If AI seems smarter, it's thanks to smarter human trainers
Focus of model improvements: compute, data, and techniques
- Several comments argue that increased compute is the main current driver of frontier model gains, enabling more experiments, larger runs, and advanced techniques (e.g., RL-style “reasoning traces,” synthetic fine‑tuning).
- Others note that human feedback is itself a training technique, and architectures, data curation, and training methods all matter alongside compute.
- There’s debate on allocation of R&D among data, architecture, training, compute, and “other,” with a strong short‑term bias toward compute.
Human trainers, data quality, and synthetic data
- The thread pushes back on the idea that “smarter trainers” alone explain progress; better architectures, techniques, and filtering (e.g., pre‑filtering junk data) are emphasized.
- Some expect the “human‑labeled data is better” argument to weaken as synthetic data and better annotation tools improve.
- A detailed anecdote from an AI trainer describes creating reasoning‑heavy benchmark questions; many “failures” of models were mundane (outdated info, tokenization issues), and models were often better than project organizers at spotting contradictions.
Capabilities, limitations, and evaluation
- Many see current AI as augmenting and redistributing human expertise rather than replacing it.
- Several complain that people fixate on failures and “hallucinations,” while others insist that occasional correctness doesn’t mean a system truly “can do” a task, given unpredictable errors.
- IQ tests and puzzle‑style word problems are discussed as highly “learnable,” not reliable measures of deep intelligence.

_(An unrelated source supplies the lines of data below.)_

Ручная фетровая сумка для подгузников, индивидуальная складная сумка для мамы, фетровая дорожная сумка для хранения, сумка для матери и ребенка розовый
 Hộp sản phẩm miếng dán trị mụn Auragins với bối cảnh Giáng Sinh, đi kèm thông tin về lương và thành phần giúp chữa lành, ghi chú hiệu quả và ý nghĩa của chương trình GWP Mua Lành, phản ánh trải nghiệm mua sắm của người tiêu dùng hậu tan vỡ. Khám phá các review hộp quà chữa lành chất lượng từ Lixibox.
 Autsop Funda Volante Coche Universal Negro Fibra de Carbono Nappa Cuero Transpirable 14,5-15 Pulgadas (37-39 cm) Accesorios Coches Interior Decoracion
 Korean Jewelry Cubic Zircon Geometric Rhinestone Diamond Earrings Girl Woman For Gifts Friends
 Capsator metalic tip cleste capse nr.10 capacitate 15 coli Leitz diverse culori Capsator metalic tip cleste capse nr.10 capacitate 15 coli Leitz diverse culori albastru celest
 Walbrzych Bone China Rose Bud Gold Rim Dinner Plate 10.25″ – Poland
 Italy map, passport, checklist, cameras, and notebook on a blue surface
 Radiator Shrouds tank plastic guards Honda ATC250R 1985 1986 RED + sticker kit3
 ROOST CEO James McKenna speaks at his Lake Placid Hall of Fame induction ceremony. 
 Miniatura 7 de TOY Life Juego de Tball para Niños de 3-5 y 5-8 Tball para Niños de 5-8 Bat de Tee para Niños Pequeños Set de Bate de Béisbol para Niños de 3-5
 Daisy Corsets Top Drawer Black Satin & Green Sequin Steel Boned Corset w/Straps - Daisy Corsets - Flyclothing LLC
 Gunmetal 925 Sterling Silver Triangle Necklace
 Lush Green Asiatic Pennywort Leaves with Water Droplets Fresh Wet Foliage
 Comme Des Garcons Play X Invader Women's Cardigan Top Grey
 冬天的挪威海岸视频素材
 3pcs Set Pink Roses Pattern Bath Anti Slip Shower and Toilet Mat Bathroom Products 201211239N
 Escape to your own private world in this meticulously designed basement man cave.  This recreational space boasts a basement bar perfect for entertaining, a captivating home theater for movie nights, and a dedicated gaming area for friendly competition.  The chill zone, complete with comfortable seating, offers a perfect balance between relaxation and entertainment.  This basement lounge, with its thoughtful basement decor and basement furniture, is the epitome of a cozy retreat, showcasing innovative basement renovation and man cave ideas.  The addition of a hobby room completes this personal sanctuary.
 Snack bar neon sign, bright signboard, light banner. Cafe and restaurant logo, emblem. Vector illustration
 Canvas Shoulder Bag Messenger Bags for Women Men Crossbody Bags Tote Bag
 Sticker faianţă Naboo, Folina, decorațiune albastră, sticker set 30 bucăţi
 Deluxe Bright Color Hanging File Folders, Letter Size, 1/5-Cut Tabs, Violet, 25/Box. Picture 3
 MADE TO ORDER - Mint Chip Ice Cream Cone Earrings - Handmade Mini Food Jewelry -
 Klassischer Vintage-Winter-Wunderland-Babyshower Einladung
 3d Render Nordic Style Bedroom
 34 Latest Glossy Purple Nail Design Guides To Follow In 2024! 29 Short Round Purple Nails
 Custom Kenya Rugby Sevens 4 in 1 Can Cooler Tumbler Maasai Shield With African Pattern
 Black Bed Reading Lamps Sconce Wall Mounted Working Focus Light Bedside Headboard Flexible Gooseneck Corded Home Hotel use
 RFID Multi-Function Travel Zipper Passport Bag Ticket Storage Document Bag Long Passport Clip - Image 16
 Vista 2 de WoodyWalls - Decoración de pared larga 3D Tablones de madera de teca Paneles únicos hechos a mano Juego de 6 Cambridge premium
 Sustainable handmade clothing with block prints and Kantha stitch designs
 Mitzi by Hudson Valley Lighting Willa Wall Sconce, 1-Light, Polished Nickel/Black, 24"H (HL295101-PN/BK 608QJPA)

- Benchmarks that demand nuanced, framework‑dependent answers are seen as inherently tricky to automate.
Economic and ecosystem trends
- Foundational models are seen as on a path to commoditization; differentiation will come from domain expertise and applications (e.g., dev tools, cybersecurity).
- Some worry that giant data centers and compute budgets will make meaningful startup competition physically impossible.
- Others see large opportunity in domain‑specific tools and synthetic data generation, especially where experts can script data generators.
Ethics, bias, and law
- Multiple comments stress that AI systems inherit human flaws: racism, misogyny, and structural limitations of law and institutions.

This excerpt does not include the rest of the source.